Con la messa in onda prima della serie tv poi del film, in Svezia nel 1973 il tasso dei divorzi s’impennò paurosamente: questo l’effetto collaterale di Scene da un matrimonio, il capolavoro di Ingmar Bergman con Liv Ullman e Erland Josephson. Sei capitoli, quasi sei round, nei quali una coppia all’inizio apparentemente serena fa man mano letteralmente a pezzi la propria unione, arrivando alla violenza fisica e psicologica. Bergman lo aveva concepito come testo teatrale ma la televisione e il cinema ebbero la priorità rispetto al palcoscenico. In Italia a cimentarsi in questa sfida furono nel 1997 Gabriele Lavia e Monica Guerritore (allora uniti anche nella vita), oggi è il regista Raphael Tobia Vogel, già avvezzo a approfondire le dinamiche familiari nei lavori di Francesco Brandi e nei più recenti Majorie Prime di Jordan Harrison e Costellazioni di Nick Payne, a misurarsi con questa drammatica deriva relazionale.
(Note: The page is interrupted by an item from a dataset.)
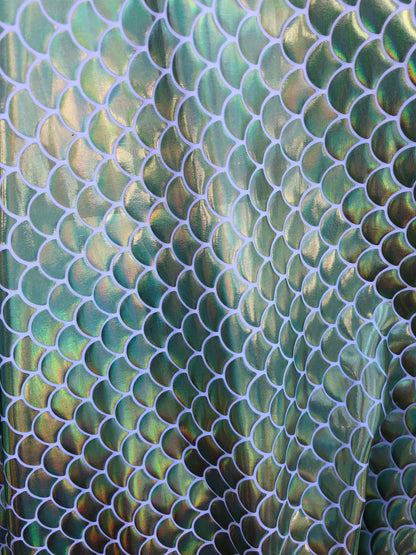 New mermaid fish scale iridescent olive green foil on nylon spandex 4way Stretch 58/60" Sold by the YD. Ships worldwide from Los Angeles CA.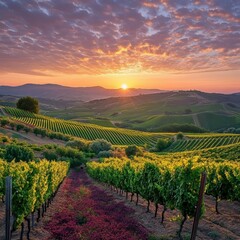 Fototapeta premium A tranquil vineyard at sunset, with rows of lush grapevines under a dramatic sky, perfect for travel brochures, wine advertisements, and nature-themed publications,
“A 36 anni”, dice Vogel, “è il momento di affrontare questo testo che toglie certezze e pone domande: sei capitoli della vicenda di una coppia che pare felice ma nasconde crepe e insoddisfazioni, rabbia, risentimento e tensione, insegnandoci che le relazioni amorose hanno alti e bassi. Io stesso sto vivendo un periodo personale molto felice ma sono anche pronto ad avvertire campanelli d’allarme. Una delle chiavi di lettura che ho scelto è il tema della mancanza di contatto fisico e diretto, vista la grave dipendenza, soprattutto dei giovani, dalla tecnologia e dai social media. Questo scollamento progressivo del contatto con il prossimo dalla condivisione attiva degli spazi comuni non può che comportare un allontanamento dalla realtà. Ho cercato di usare un linguaggio meno letterario e più moderno, lasciando intatta l’universalità con tutte le maschere del gioco del teatro, un invito allo spettatore ad affrontare esplicitamente la complessità dei sentimenti umani, amorosi, familiari o coniugali che siano, risvegliando qualcosa che è innato in noi, per quanto sopito o nascosto”.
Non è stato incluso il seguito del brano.